The strings in this pool are first lexicographically sorted (to group similar paths together);
and then compressed using ZStd. This improves compression ratios.
For example a valid (decompressed) pool might look like this:
data/textures/cat.png\0data/textures/dog.png
String length is determined by searching null terminators. We will determine lengths of all strings ahead of time by scanning
for (0x00
) using SIMD. No edge cases; 0x00
is guaranteed null terminator due to nature of UTF-8 encoding.
See UTF-8 encoding table:
Code point range | Byte 1 | Byte 2 | Byte 3 | Byte 4 | Code points |
---|---|---|---|---|---|
U+0000 - U+007F | 0xxxxxxx | 128 | |||
U+0080 - U+07FF | 110xxxxx | 10xxxxxx | 1920 | ||
U+0800 - U+FFFF | 1110xxxx | 10xxxxxx | 10xxxxxx | 61440 | |
U+10000 - U+10FFFF | 11110xxx | 10xxxxxx | 10xxxxxx | 10xxxxxx | 1048576 |
When parsing the archive; we decode the StringPool into an array of strings.
Nx archives should only use '/' as the path delimiter.

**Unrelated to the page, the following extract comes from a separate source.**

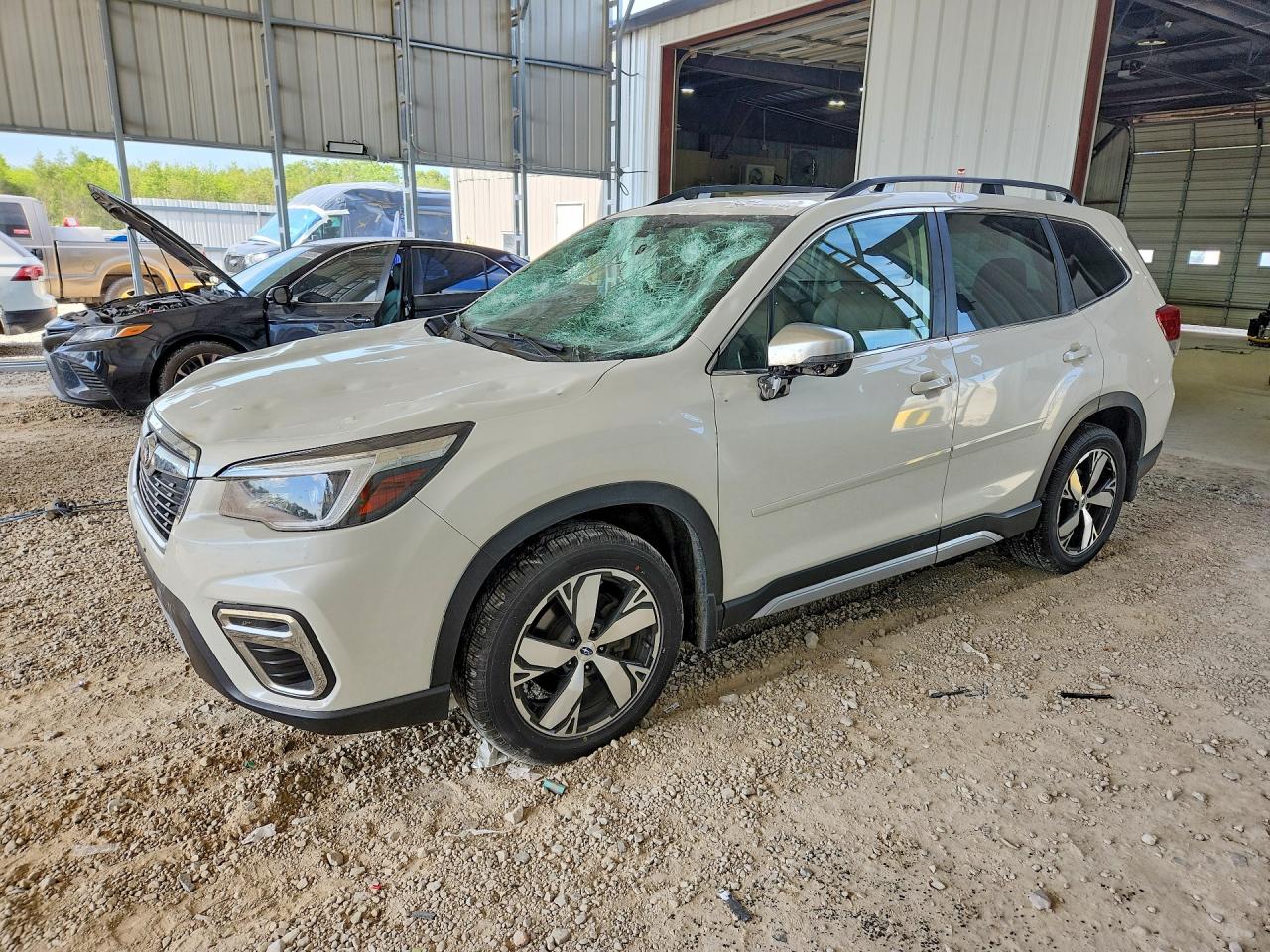 Salvage Subaru Forester Image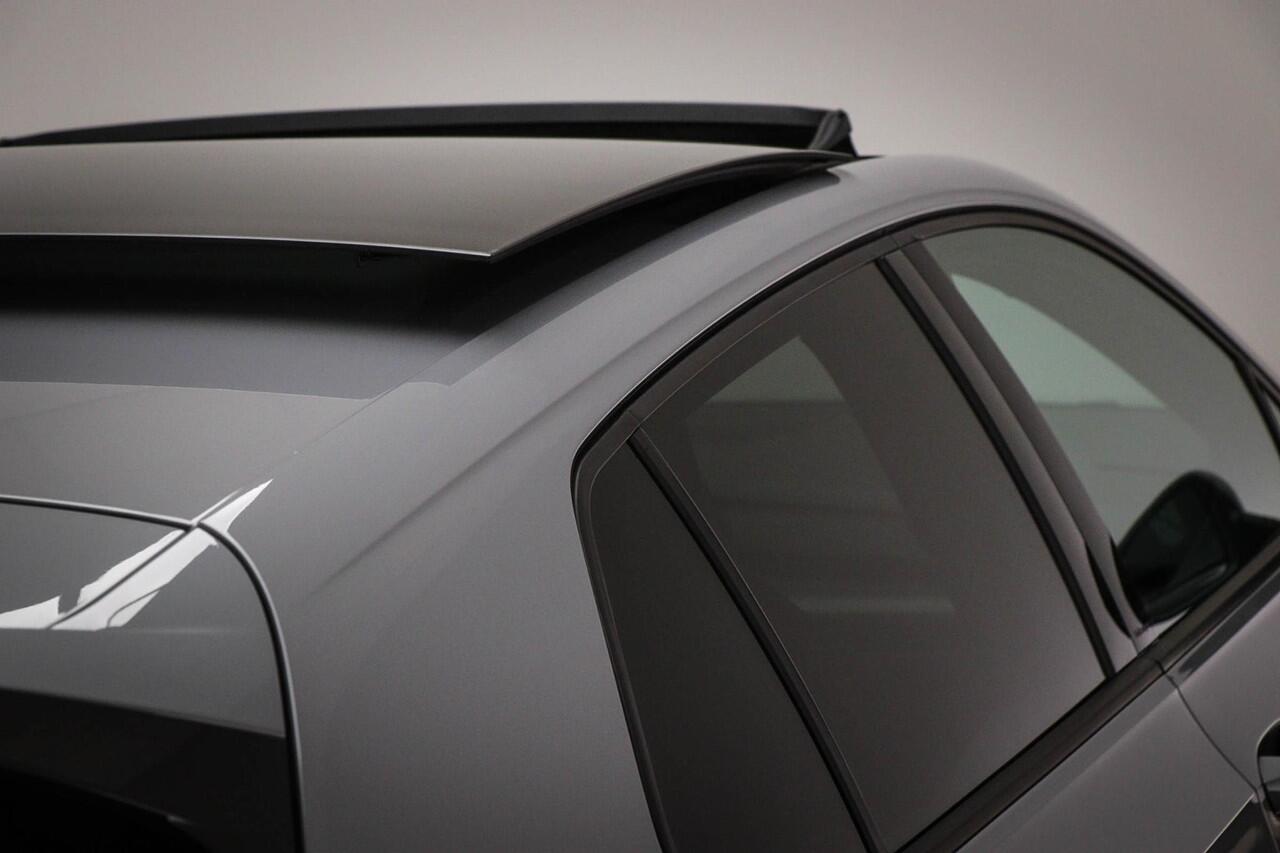 Volkswagen GOLF 2.0 TSI GTI Clubsport | PANORAMADAK | IQ LIGHT | HEAD UP | 19" | PERFORMANCE / EXECUTIVE- PACK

The number of items in the pool is equivalent to the number of files in the Table of Contents
If an archive has 1000 items, the pool has 1000 strings. The StringPool parser may only parse
up to FileCount items. Files may choose not to use file names, in which case
they would use a 0 length name. (Only \0
null terminator)
Note
It is possible to make ZSTD dictionaries for individual game directories that would further improve StringPool compression ratios.
This might be added in the future but is currently not planned until additional testing and a backwards compatibility plan for decompressors missing the relevant dictionaries is decided.

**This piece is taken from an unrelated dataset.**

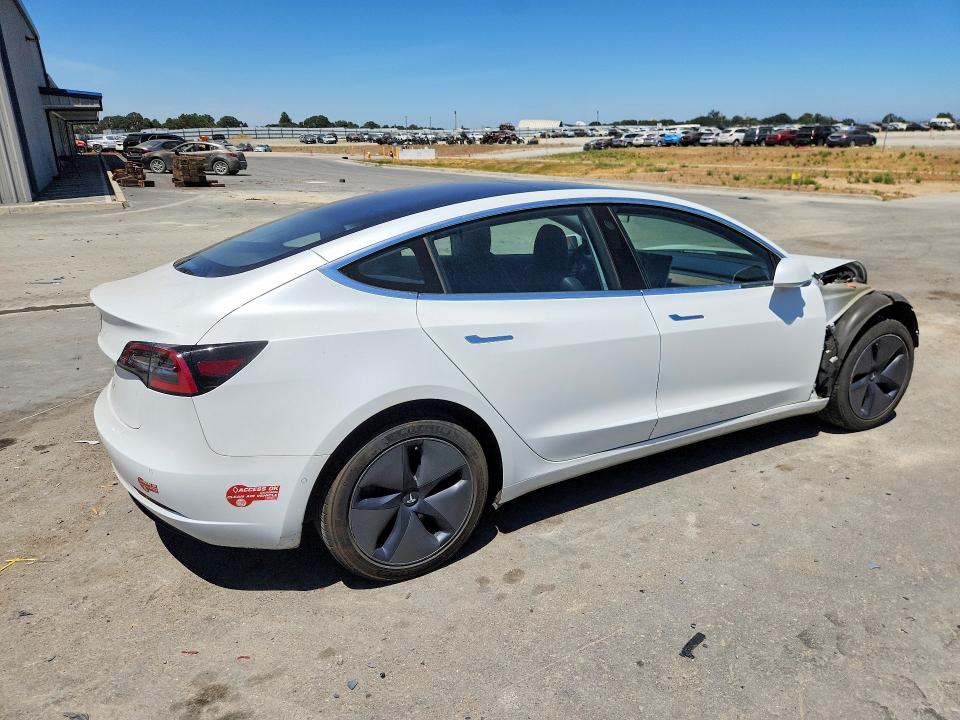 Auction sale of the 2018 Tesla Model 3, vin: 5YJ3E1EA0JF044573, lot number: 59013216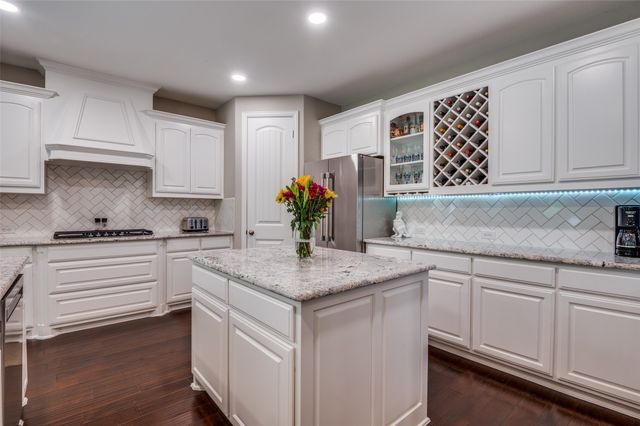 601 Pine Island Circle, Mansfield, TX 76063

Performance Considerations
The header + TOC design aim to fit under 4096 bytes when possible. Based on a small 132 Mod, 7 Game Dataset, it is expected that >=90% of mods out there will fit. This is to take advantage of read granularity; more specifically:
- Page File Granularity
For our use case where we memory map the file. Memory maps are always aligned to the page size, this is 4KiB on Windows and Linux (by default). Therefore, a 5 KiB file will allocate 8 KiB and thus 3 KiB are wasted.
- Unbuffered Disk Read
If you have storage manufactured in the last 10 years, you probably have a physical sector size of 4096 bytes.
fsutil fsinfo ntfsinfo c:
# Bytes Per Physical Sector: 4096
a.k.a. 'Advanced Format'. This is very convenient (especially since it matches page granularity); as when we open a mapped file (or even just read unbuffered), we can read the exact amount of bytes to get header.
Version Optimization Note
The version formats are optimized around the read speeds of a 980 Pro NVMe SSD as reference
- 4K: 52us
- 8K: 80us
- 16K: 95us
- 32K: 85us
- 64K: 89us
- 128K: 100us
- 256K: 140us
- 512K: 218us
There are 2 size 'thresholds':
- Up to 4K
- Up to 128K
In practice, the 128K size can handle around 5000 files when using a 20-byte FileEntry.
This is considered to be the 'upper limit' in terms of file counts for mod packages; therefore we do not have many variants beyond 20 bytes/entry. i.e. Beyond this limit, we don't aggressively optimize.
Selecting CompressedPoolSize in Version/Variants
The CompressedPoolSize field size is proportional to the FileCount
Consider the following:
- Game file names have a length of 16 bytes.
- 12 bytes if we exclude the extension.
- File paths are usually 5 bytes after compression.
To compensate for games with highly varying file names, we'll assume that the average file path (after compression) is 8 bytes.
As a direct result, the CompressedPoolSize field should use 3 more bits than the FileCount field.